== What the exercise asks ==
In the entries below, find the line with "Cholesteatoma - external" and the line with "Rhinoplasty before and after photo"; copy them and every line between them exactly, but not the pictures.
____ Records for processing
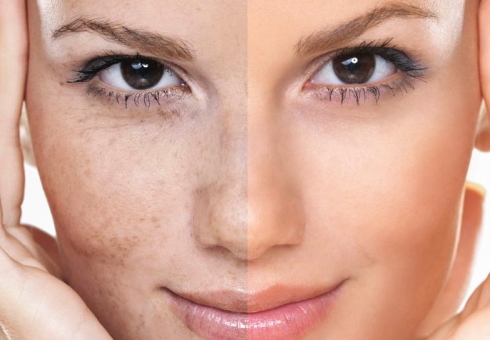 Hur man förbättrar ansiktet i ansiktet snabbt hemma. Fonder, vitaminer och produkter som förbättrar huden. Hemlagad masker för att förbättra ansiktsfärgen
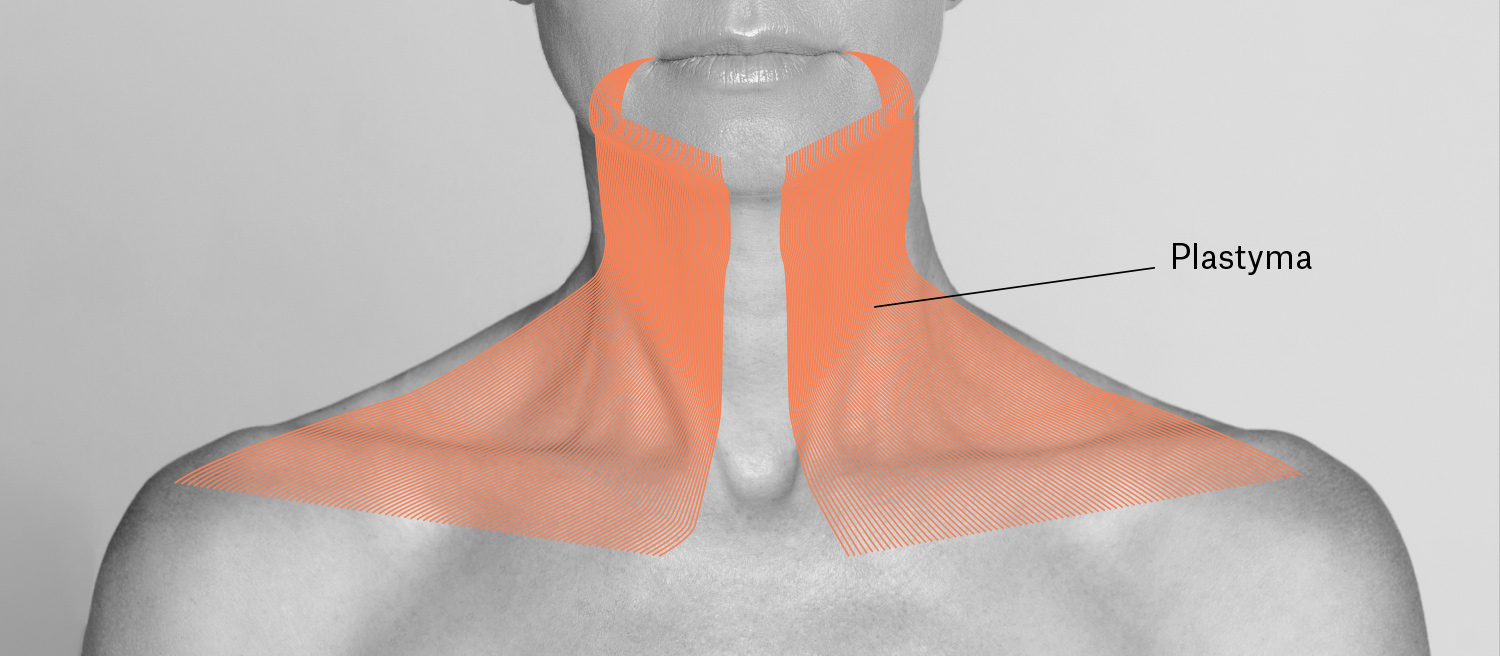 Le platysma est un muscle situé sous la peau du cou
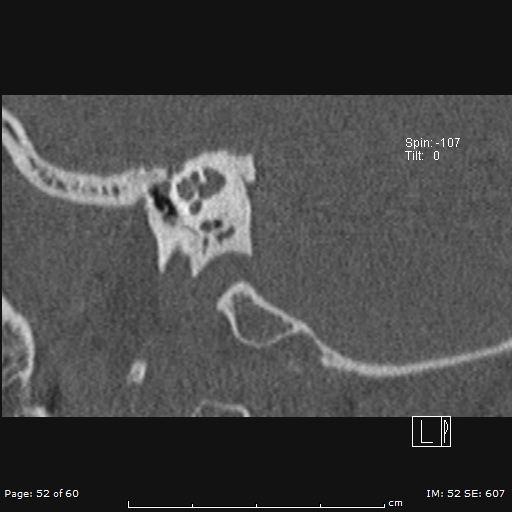 Cholesteatoma - external auditory canal (Radiopaedia 88452-105096 Sagittal bone window 52).jpg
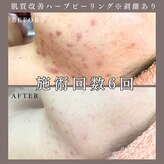 ベルミー(Bellmi)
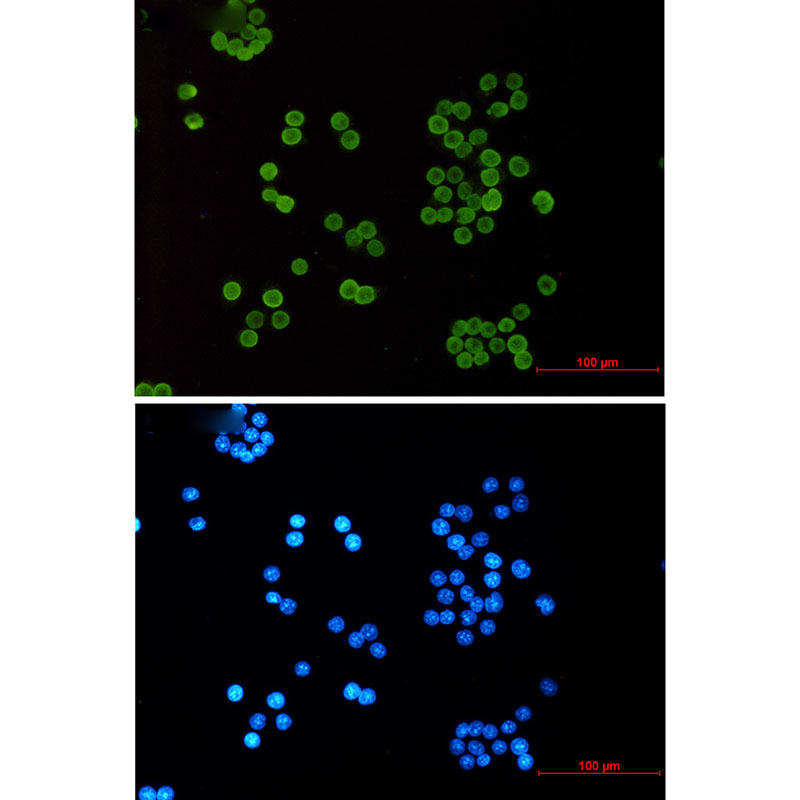 Acetyl-Histone H4 (Lys5) Rabbit mAb ABZ4320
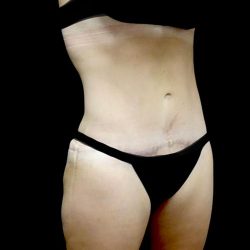 Tummy Tuck Before & After Patient #22610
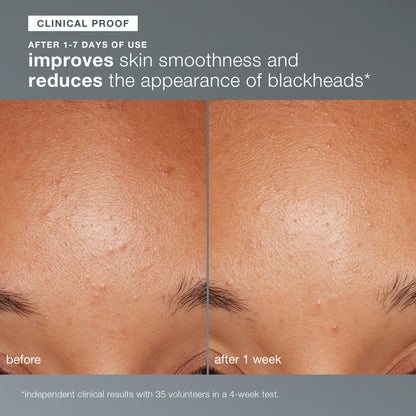 daily microfoliant exfoliator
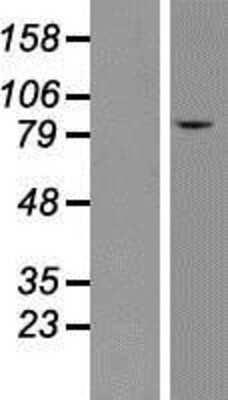 Western Blot: CLCN7 Overexpression Lysate (Adult Normal) [NBP2-08221] Left-Empty vector transfected control cell lysate (HEK293 cell lysate); Right -Over-expression Lysate for CLCN7.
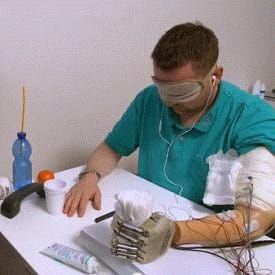 Bionic hand with sensory feedback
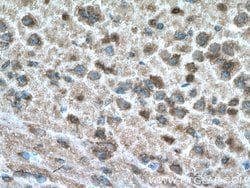 DDRGK1 Rabbit anti-Human, Mouse, Polyclonal, Proteintech 150 &mu;L; Unconjugated:Antibodies,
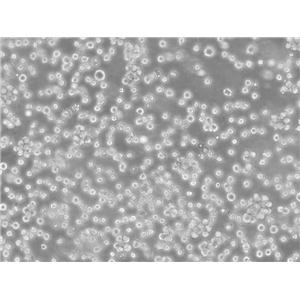 JVM-3细胞：人慢性髓白血病细胞系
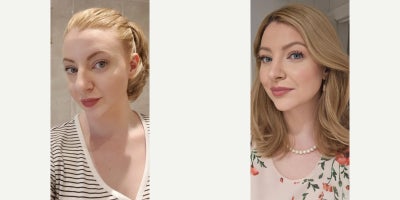 Rhinoplasty before and after photo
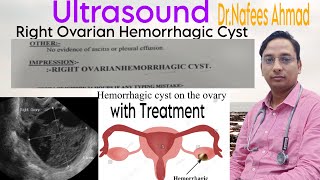 Ultrasound Right Ovarian Hemorrhagic Cyst doctor motivation viral ultrasound treatment [upl. by Bogie401]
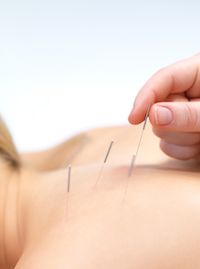 Acupuncture needle technique applied to the back is depicted.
________
== Finished exercise ==
 Cholesteatoma - external auditory canal (Radiopaedia 88452-105096 Sagittal bone window 52).jpg
 ベルミー(Bellmi)
 Acetyl-Histone H4 (Lys5) Rabbit mAb ABZ4320
 Tummy Tuck Before & After Patient #22610
 daily microfoliant exfoliator
 Western Blot: CLCN7 Overexpression Lysate (Adult Normal) [NBP2-08221] Left-Empty vector transfected control cell lysate (HEK293 cell lysate); Right -Over-expression Lysate for CLCN7.
 Bionic hand with sensory feedback
 DDRGK1 Rabbit anti-Human, Mouse, Polyclonal, Proteintech 150 &mu;L; Unconjugated:Antibodies,
 JVM-3细胞：人慢性髓白血病细胞系
 Rhinoplasty before and after photo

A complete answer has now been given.